How many bytes are in one GB?
One decimal GB contains exactly 1,000,000,000 bytes.
Convert Gigabyte (GB) to Byte (B) instantly.
Formula
value × 1.000000e+9
| Sample | Converted |
|---|---|
| 1 GB | 1.000000e+9 B |
| 5 GB | 5.000000e+9 B |
| 10 GB | 1.000000e+10 B |
| 100 GB | 1.000000e+11 B |
| 1,000 GB | 1.000000e+12 B |
Convert decimal gigabytes to bytes by multiplying the GB value by 1,000,000,000. This gives the exact decimal byte count behind a GB storage amount, file size, or capacity label.
GB is readable for people, but bytes are often the exact unit used by online tool, storage APIs, and logs.
This conversion uses decimal gigabytes, so each GB contributes one billion bytes.
A 15 GB quota is 15,000,000,000 bytes under this convention.
Use this page when the source label says GB and the target system asks for a byte value.

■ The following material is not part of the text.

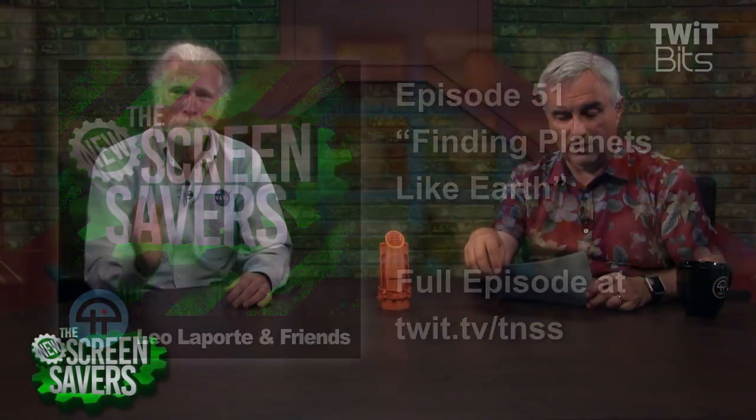Dr. Steve Howell is here. He is at the NASA Ames Research Center. He was the guy who thought up, along with Bill Barucki, the Kepler Project, and pitched it to NASA. He pitched it three times.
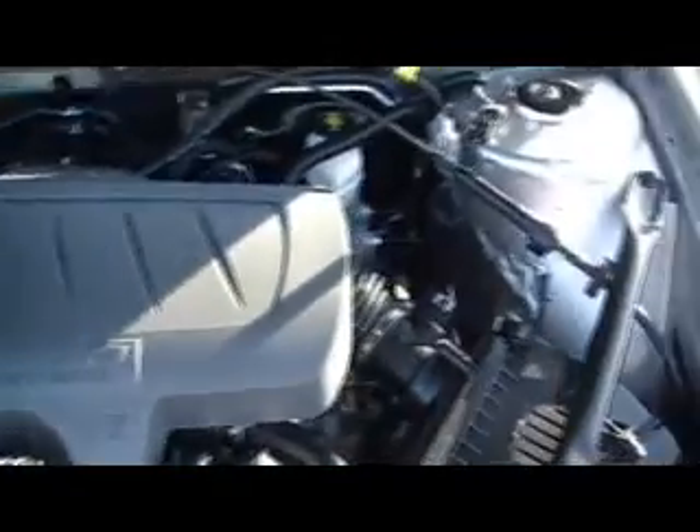It's a four-door sedan, clean Carfax, 41,000 miles, and a 3.8 liter V6 engine — a powerful, powerful engine.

If the source comes from an operating-system report in GiB, use a GiB conversion instead.
Exact byte results are useful when capacity limits, file sizes, or API payload thresholds are strict.
GB is a practical high-level storage unit, but online tool often stores size limits as bytes.
Converting to bytes gives the exact value needed for APIs, configuration, validation, and logs.
This keeps user-facing capacity labels aligned with backend implementation.
This page treats 1 GB as 1,000,000,000 bytes.
That is the decimal convention used in many storage labels and cloud dashboards.
It differs from GiB, which uses a larger binary byte count.
When a rule says 10 GB, the decimal byte value is 10,000,000,000 bytes.
That value can be copied into systems that require raw byte limits.
Check whether the product uses GB or GiB before enforcing the limit.
Definition: A gigabyte here is a decimal data unit equal to 1,000,000,000 bytes.
History/Origin: Decimal GB became common in storage products, data plans, downloads, cloud quotas, and user-facing capacity labels.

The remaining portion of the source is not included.